#### GIVEN DATA ####
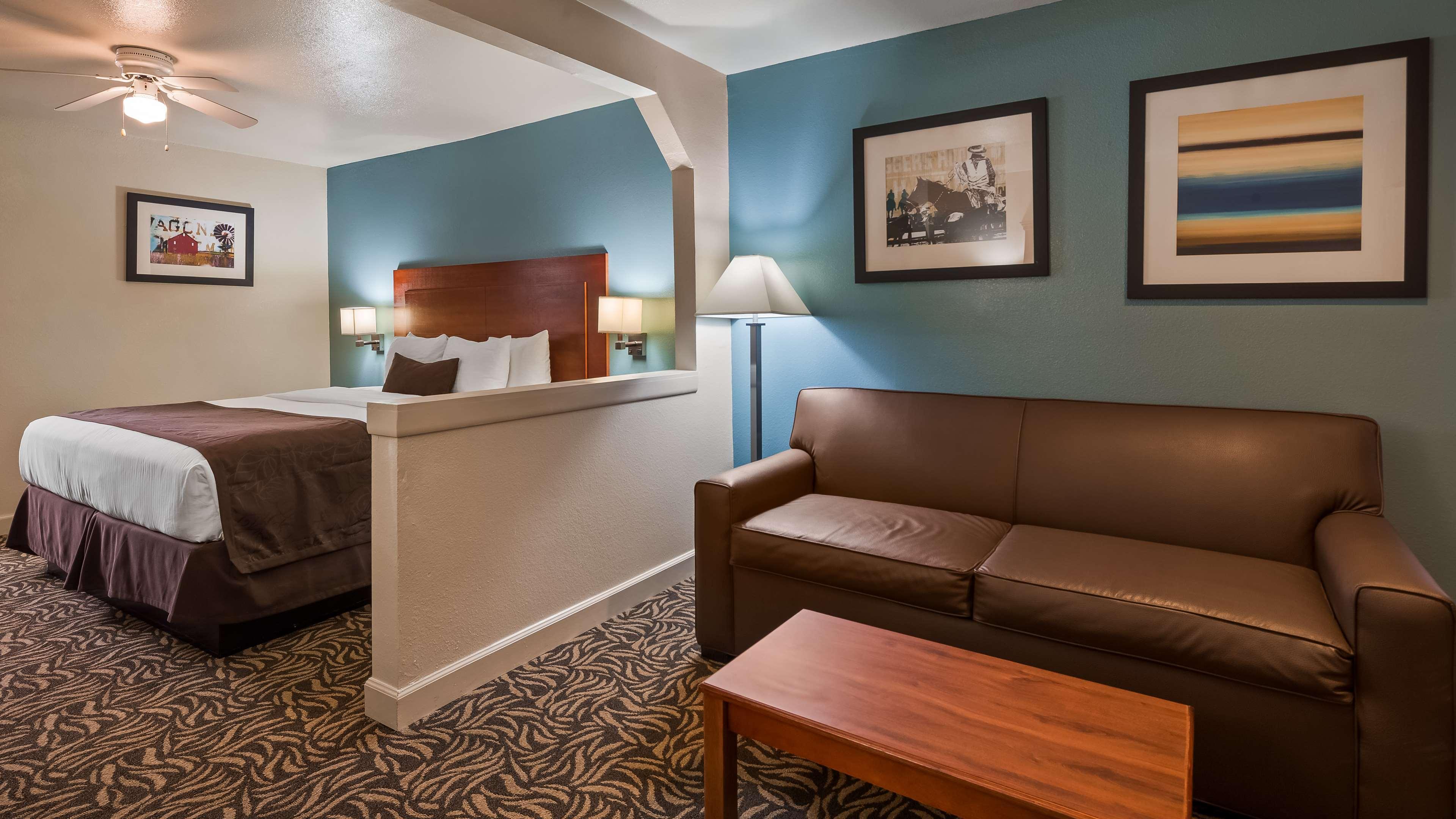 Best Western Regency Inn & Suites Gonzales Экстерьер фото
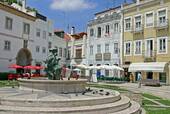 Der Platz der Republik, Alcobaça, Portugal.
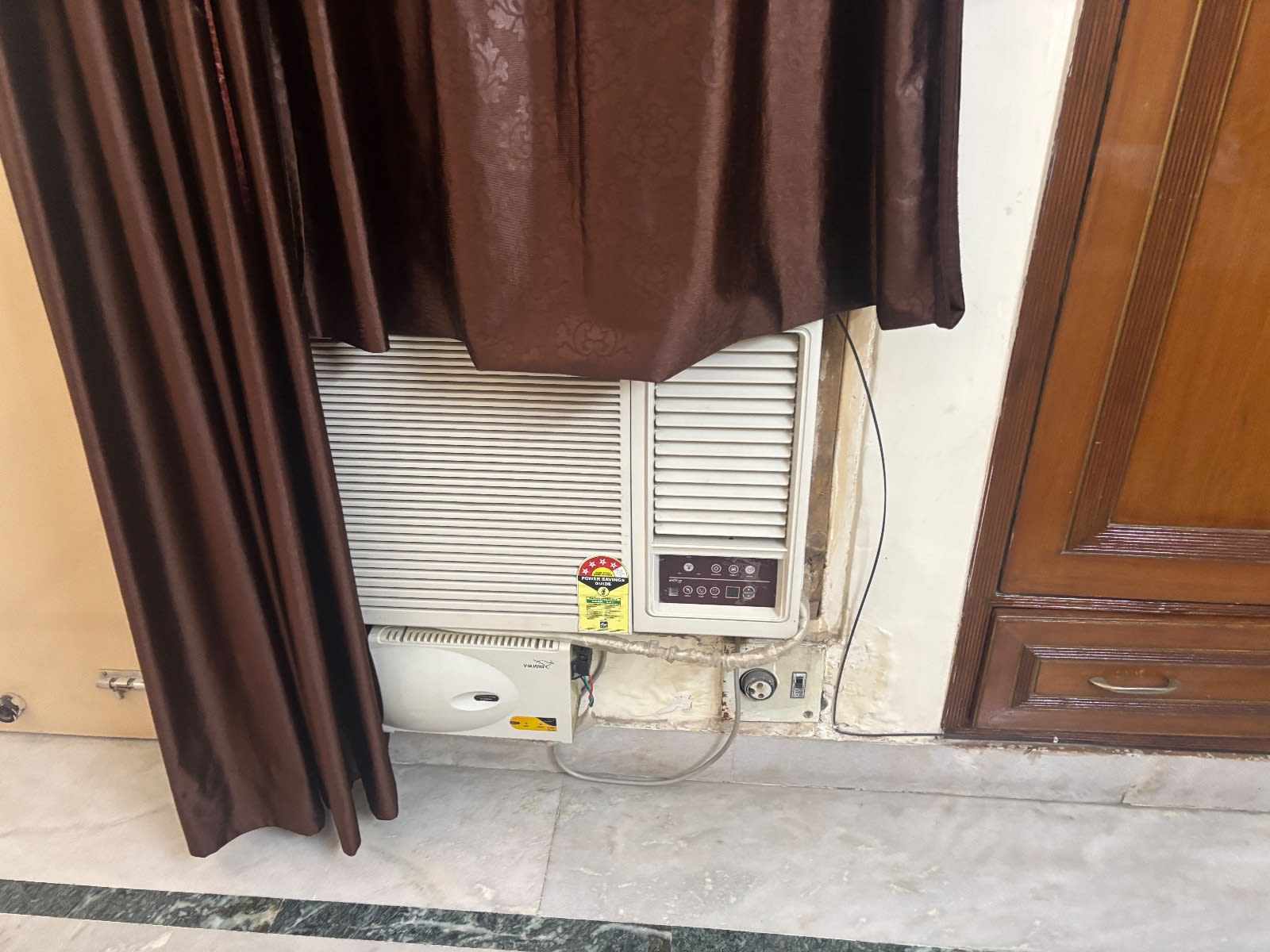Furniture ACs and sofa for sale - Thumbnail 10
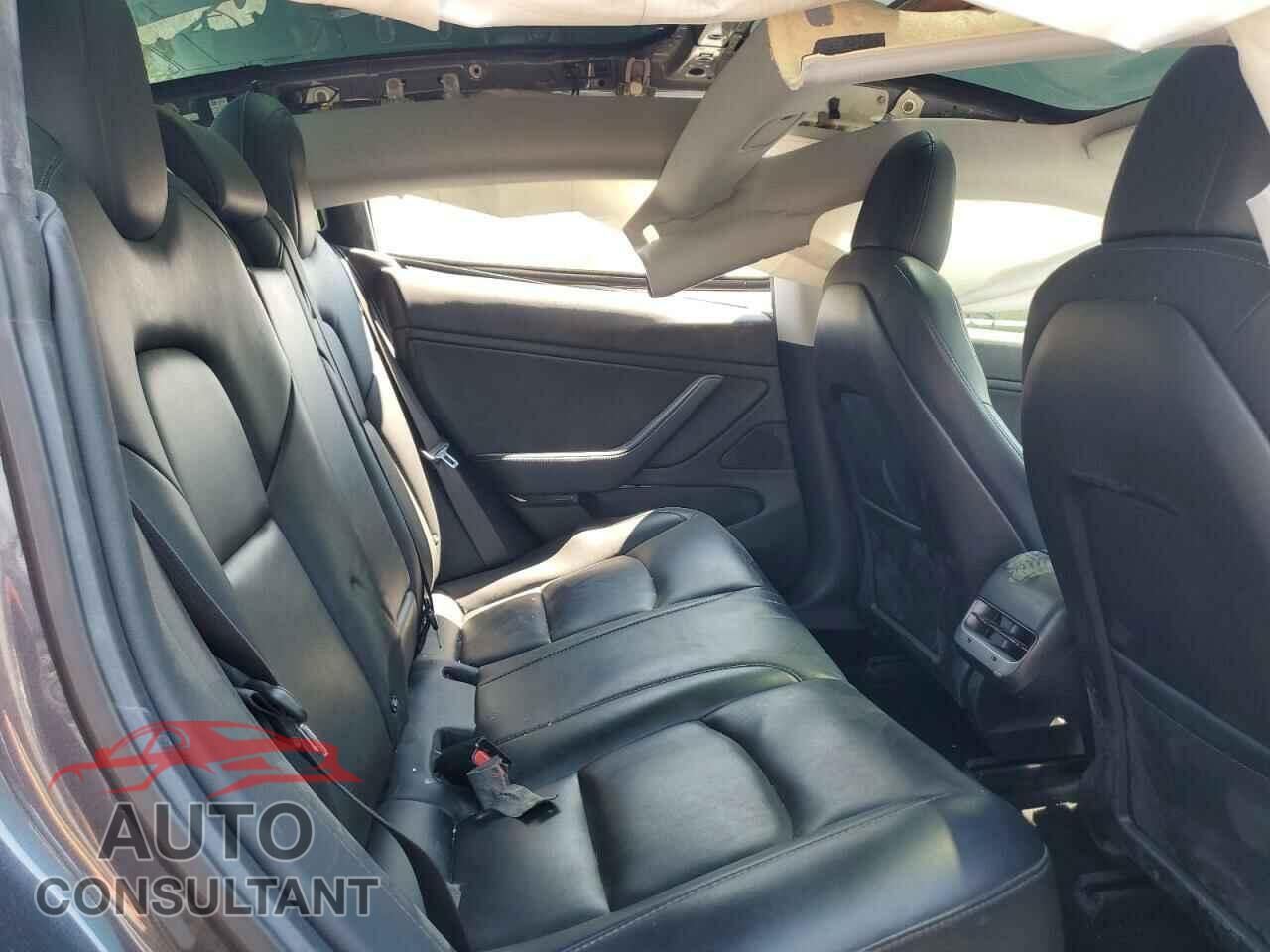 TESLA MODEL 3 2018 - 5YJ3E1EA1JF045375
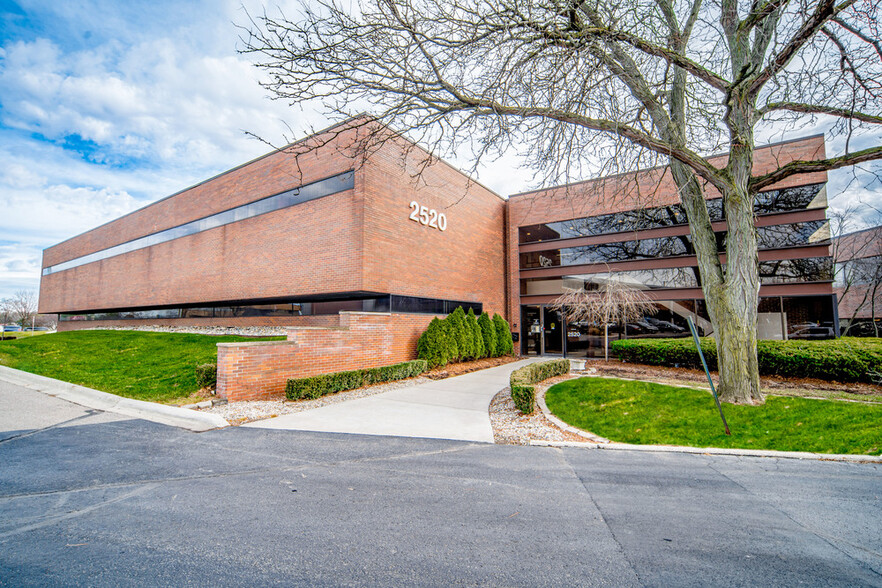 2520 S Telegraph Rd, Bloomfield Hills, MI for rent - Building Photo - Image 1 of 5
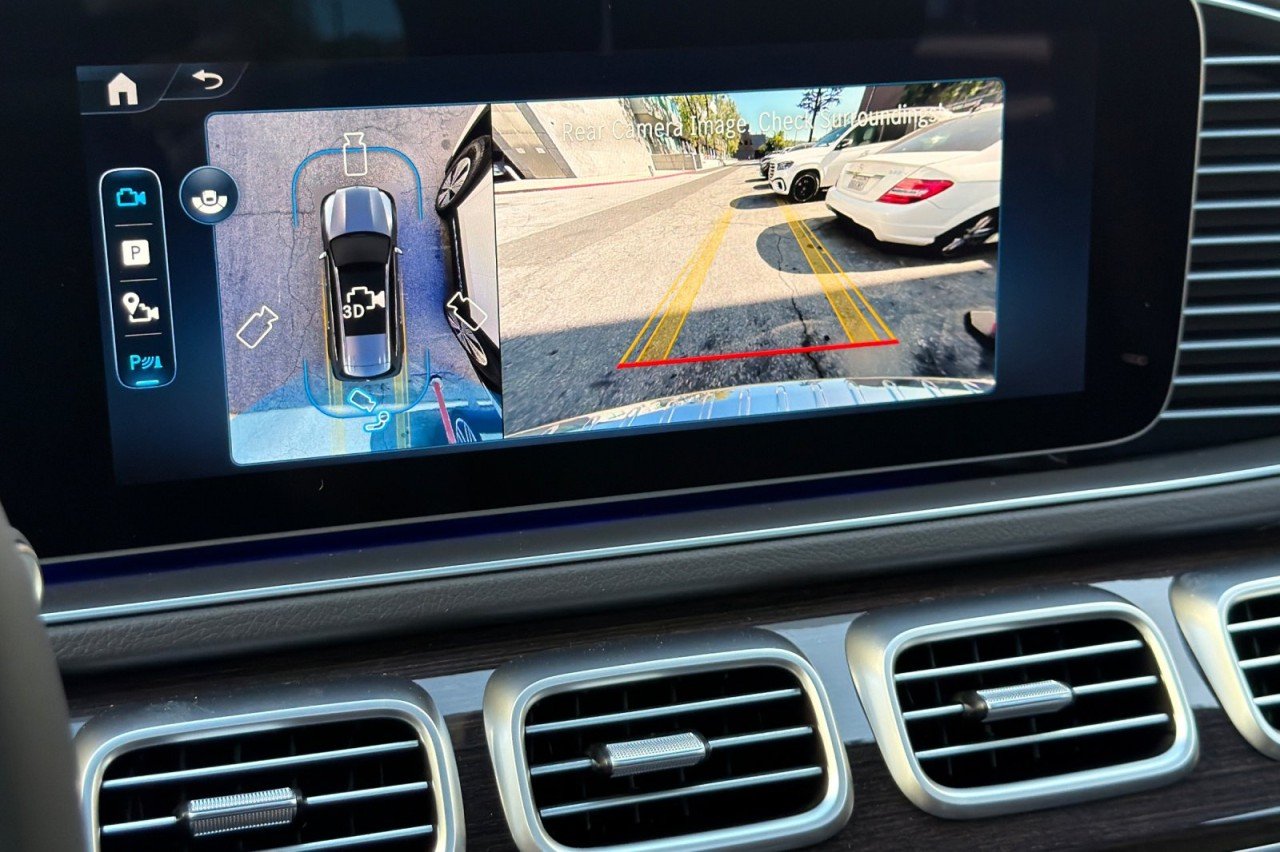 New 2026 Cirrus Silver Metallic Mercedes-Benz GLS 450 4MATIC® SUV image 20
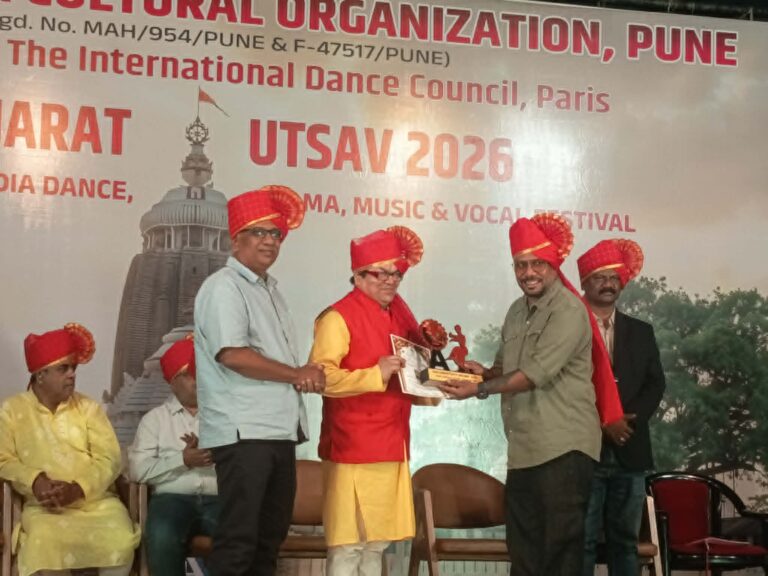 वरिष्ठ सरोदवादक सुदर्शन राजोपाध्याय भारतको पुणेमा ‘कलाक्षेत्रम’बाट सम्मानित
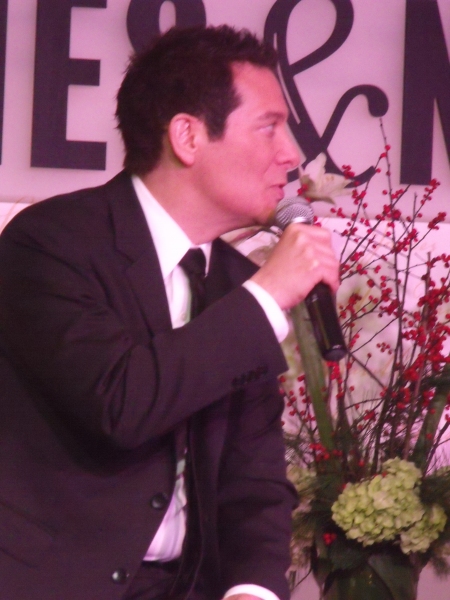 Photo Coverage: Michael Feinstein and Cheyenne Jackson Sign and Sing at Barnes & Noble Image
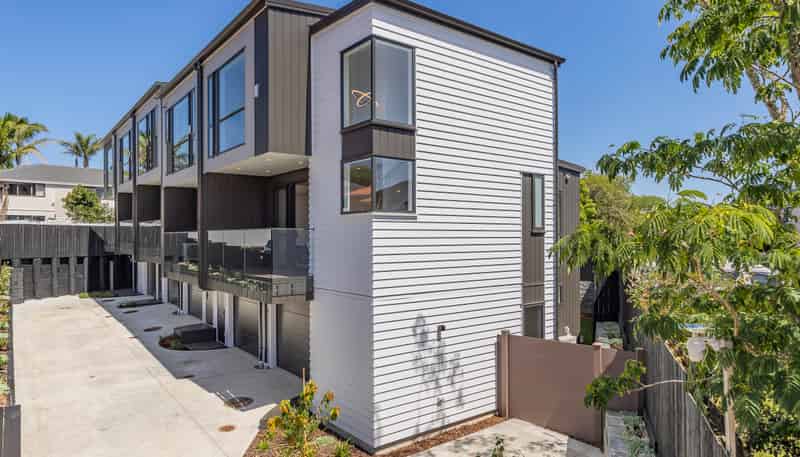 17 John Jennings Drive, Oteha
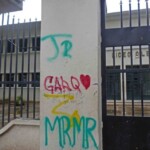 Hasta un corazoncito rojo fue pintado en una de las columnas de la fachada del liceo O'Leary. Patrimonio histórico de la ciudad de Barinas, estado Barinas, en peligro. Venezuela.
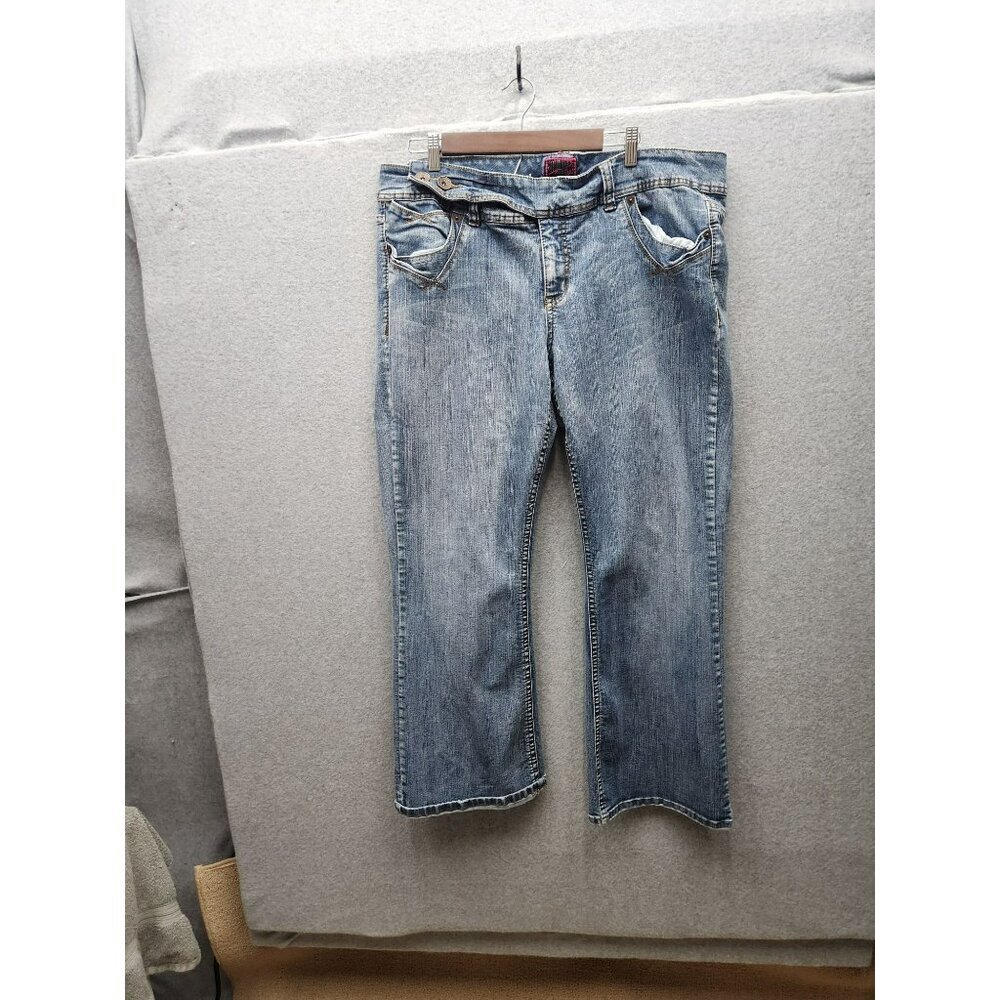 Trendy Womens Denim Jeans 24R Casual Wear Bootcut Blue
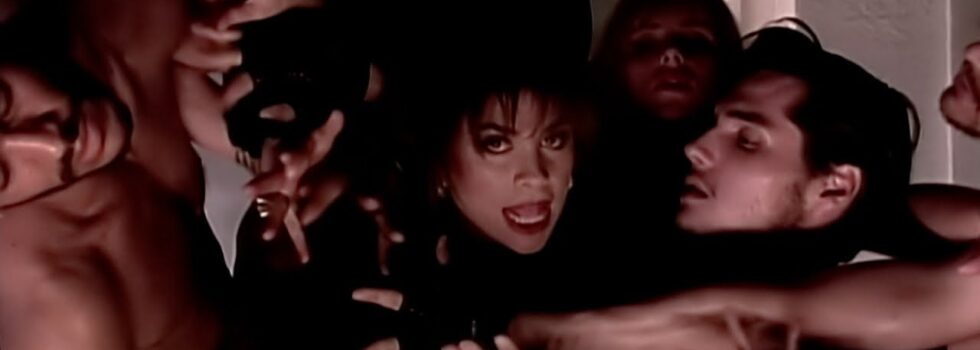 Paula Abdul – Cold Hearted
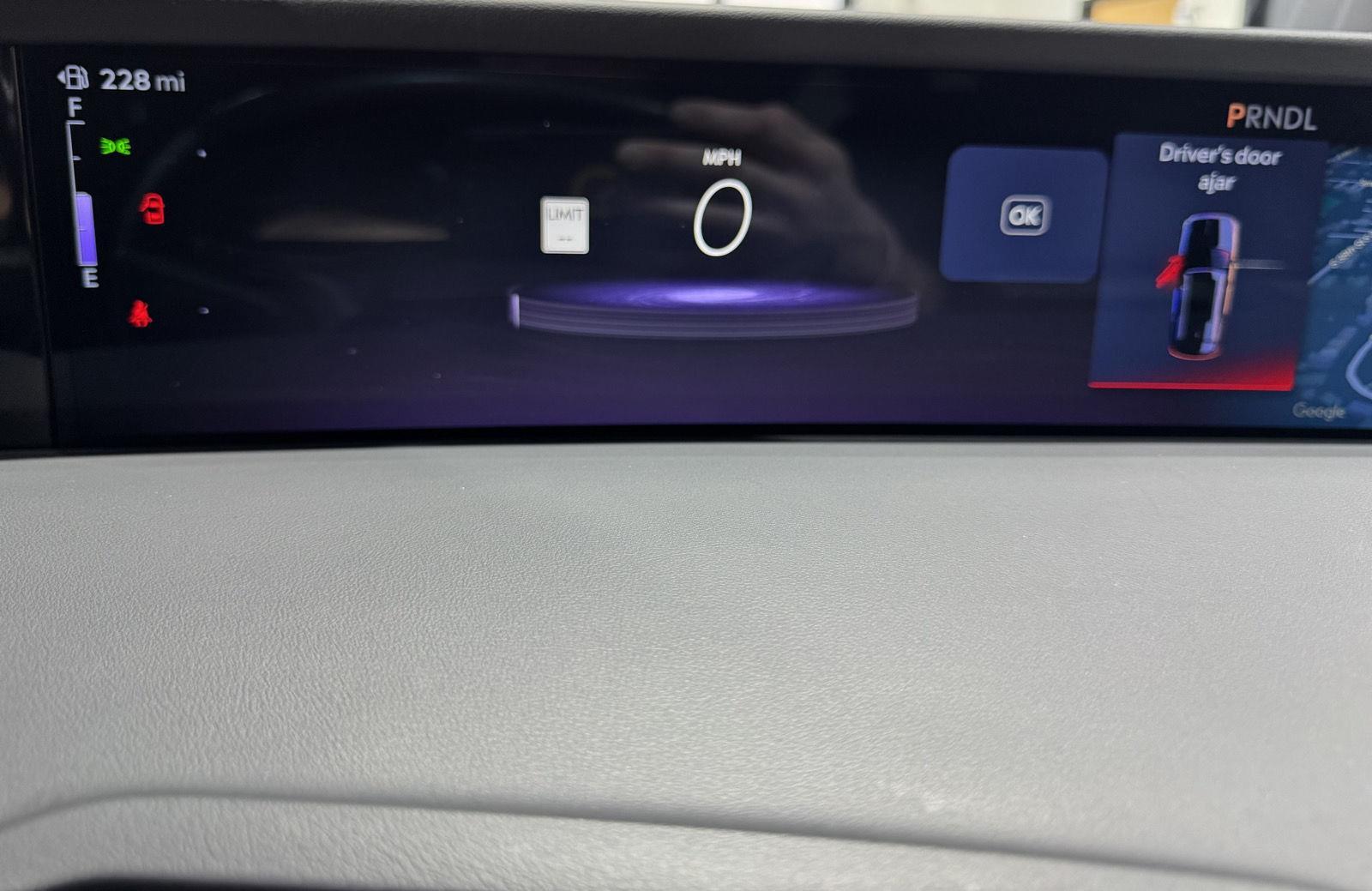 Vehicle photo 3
####
*WORK REQUIRED:* Only the lines from the one containing "New 2026 Cirrus" through the final line of the data are to be written out, exactly as they stand and without pictures.

*RESULT FOR THIS TASK:*
 New 2026 Cirrus Silver Metallic Mercedes-Benz GLS 450 4MATIC® SUV image 20
 वरिष्ठ सरोदवादक सुदर्शन राजोपाध्याय भारतको पुणेमा ‘कलाक्षेत्रम’बाट सम्मानित
 Photo Coverage: Michael Feinstein and Cheyenne Jackson Sign and Sing at Barnes & Noble Image
 17 John Jennings Drive, Oteha
 Hasta un corazoncito rojo fue pintado en una de las columnas de la fachada del liceo O'Leary. Patrimonio histórico de la ciudad de Barinas, estado Barinas, en peligro. Venezuela.
 Trendy Womens Denim Jeans 24R Casual Wear Bootcut Blue
 Paula Abdul – Cold Hearted
 Vehicle photo 3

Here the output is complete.